Very cautious with the vocabulary

But Poland was in Hawaii the whole time.

Historians fear that mounting pressure against scholars who implicate Poles in the Holocaust is having a chilling effect on research across Europe, with one France-based researcher saying she will tone down her upcoming book and shy away from naming names.

Audrey Kichelewski, an associate professor of contemporary history at the University of Strasbourg who is writing a book about postwar trials of Poles, said she would be “very cautious with the vocabulary” she used and would not cite defendants’ names for fear of being sued by living relatives.

It is the latest episode in what critics say is a concerted effort by Poland’s right-wing government and supportive groups to aggressively enforce a narrative of exclusive victimhood, stressing the heroic stories of Poles who risked their lives to save Jewish compatriots but downplaying accounts of complicity in the Holocaust unearthed by some historians.

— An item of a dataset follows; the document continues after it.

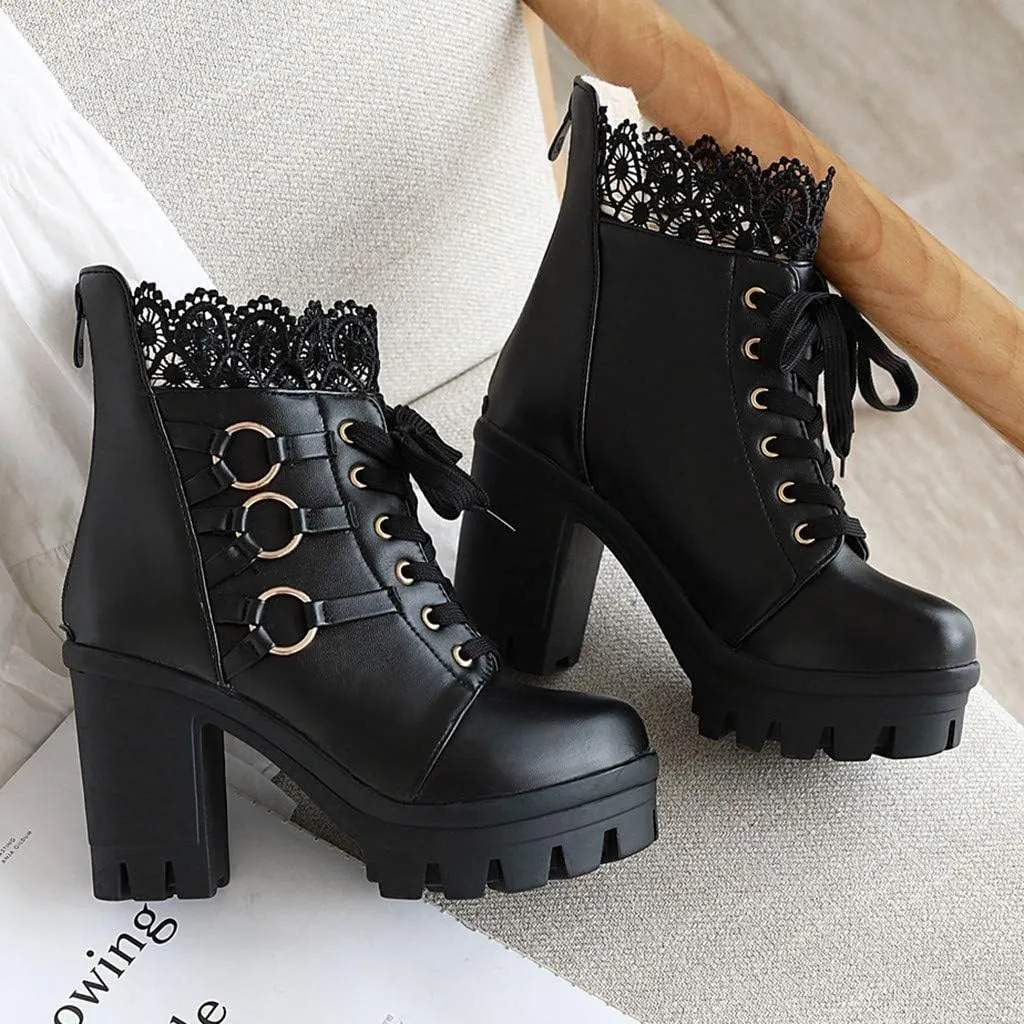 AMDBEL Fall Boots for Women 2023 Cowboy Boots,Vintage Knee High Boots Lace Up Boots Chunky Heels Retro Gothic Mid Calf Boots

It’s a familiar pattern. White people in the US would rather say pious things about Doctor King (as they love to call him) than talk about the post-Reconstruction laws and regulations and real estate maps that entrenched racism for generations.

A 2018 legal amendment would have threatened jail for those who implied the Polish “state” or “nation” was complicit in Nazi crimes, although the law was repeatedly watered down after an international outcry and stripped of its criminal component.

In February, a Warsaw court ordered two scholars — Barbara Engelking, director of the Polish Center for Holocaust Research, and Jan Grabowski, professor of history at the University of Ottawa — to apologize after they detailed the case of a mayor of a Polish village who allegedly betrayed a group of Jews to Nazi occupiers.

Because that sort of thing never happened. Right? Because there never was any anti-Semitism in Poland, right? Because majority-Catholic countries are never the slightest bit anti-Semitic, right?

And last month, an ultraconservative Polish Roman Catholic group threatened to sue a French radio station for “infringing the reputation of the republic of Poland” by supposedly implicating Poland in Nazi war crimes during a program.

Poland as a nation was certainly an early victim of Hitler’s plan for world domination, but that doesn’t rule out ideological overlap.

The Polish League Against Defamation, which backed the case against Engelking and Grabowski, has launched lawsuits against newspapers and broadcasters in Germany, Italy and Spain, invoking concepts such as a right to “national pride” for Poles.

It sounds a bit trans activismy now, doesn’t it. “We have a right to see ourselves as fabulous! You are putting painful dents in our ability to see ourselves as fabulous! You are a criminal!”